Pavon grabs one-stroke US Open lead with sizzling start at Pinehurst
World number 24 Pavon stood on six-under at the turn with 36-hole leader Ludvig Aberg of Sweden next on five-under through six holes.
A pack on four-under included Americans Tony Finau, Patrick Cantlay and Bryson DeChambeau while four-time major winner Rory McIlroy and England's Tyrrell Hatton were on three-under.
Pavon sank a six-foot birdie putt at the first and made a tap-in birdie at the par-5 fifth but still trailed after sixth-ranked Aberg sank a 28-foot birdie putt at the third to reach six-under.
But Aberg was short of the green with his approach at the fourth to stumble back just before Pavon took the lead with a birdie putt from just outside 21 feet at the seventh.
Not since Arnaud Massy took the 1907 British Open has a French golfer won a major.
But Pavon became the first French winner on the PGA Tour since Massy's triumph at Royal Liverpool when he won at Torrey Pines in January.
Aberg, April's Masters runner-up in his major debut, could become the first US Open debut winner since 1913, when 20-year-old American amateur Francis Ouimet upset Britain's Harry Vardon and Ted Ray at The Country Club in his hometown of Brookline, Massachusetts.
Aberg was the first debutant since Taiwan's Chen Tze-chung in 1985 to lead the US Open after 36 holes.
Top-ranked Scottie Scheffler was 12 strokes adrift. American Scheffler, the hottest golfer entering the week and a huge favourite, fired a 71 to stand on six-over 216 through 54 holes.
"Another frustrating day," Scheffler said. "I thought I played a lot better than my score.

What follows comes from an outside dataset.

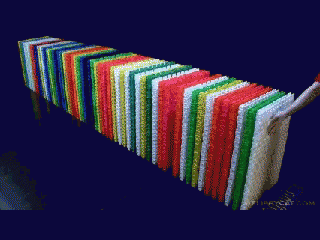Giant Colorful Dominos Falling GIF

I'm having a lot of trouble reading these greens."
Finau sank an 11-foot birdie putt at the second and tapped in for birdie at the fifth but made bogey at six, finding a bunker off the tee.
Cantlay stumbled with an opening bogey but birdied the fifth.
Cantlay has a chance to move past Collin Morikawa for the final spot on the US team for the Paris Olympics but needs no worse than a two-way share of second to do it.
Morikawa fired a 66 on Saturday to stand on level par 210, closing his round with a 25-foot birdie putt.
DeChambeau, the 2020 US Open winner and runner-up at last month's PGA Championship, fell back with a bogey at the fourth but birdied the fifth.
Hatton birdied the second and made an eagle putt from just inside 14 feet at the par-5 fifth to climb within one of the lead before a bogey at the par-3 sixth dropped him back.
Northern Ireland's McIlroy, seeking his first major win in 10 years, dropped his approach inside three feet at the third hole and sank his birdie putt only to bogey the par-3 sixth after a 10-foot par miss.
'Mental torture chamber'
Only 11 players were under par for the tournament as the perils of Pinehurst took a toll, with its dome-shaped elevated greens and dirt and weeds waste areas.
Scheffler, who made the cut on the number at five-over 145, had three bogeys and two birdies.
"Definitely tricky pin positions," Scheffler said.
Scheffler was the first player since Tom Watson in 1980 to win five US PGA Tour events before the US Open, taking the fifth last week at the Memorial, and has 12 top-10 finishes in 13 events this season.
The usually stoic and calm Scheffler, flipped his putter in the air and slammed down a driver on Friday.
"Golf is a mental torture chamber at times, especially the US Open," said Scheffler, who refused to call the course borderline unfair.
"When it comes to the US Open, 'borderline' is such like a trigger word," he said.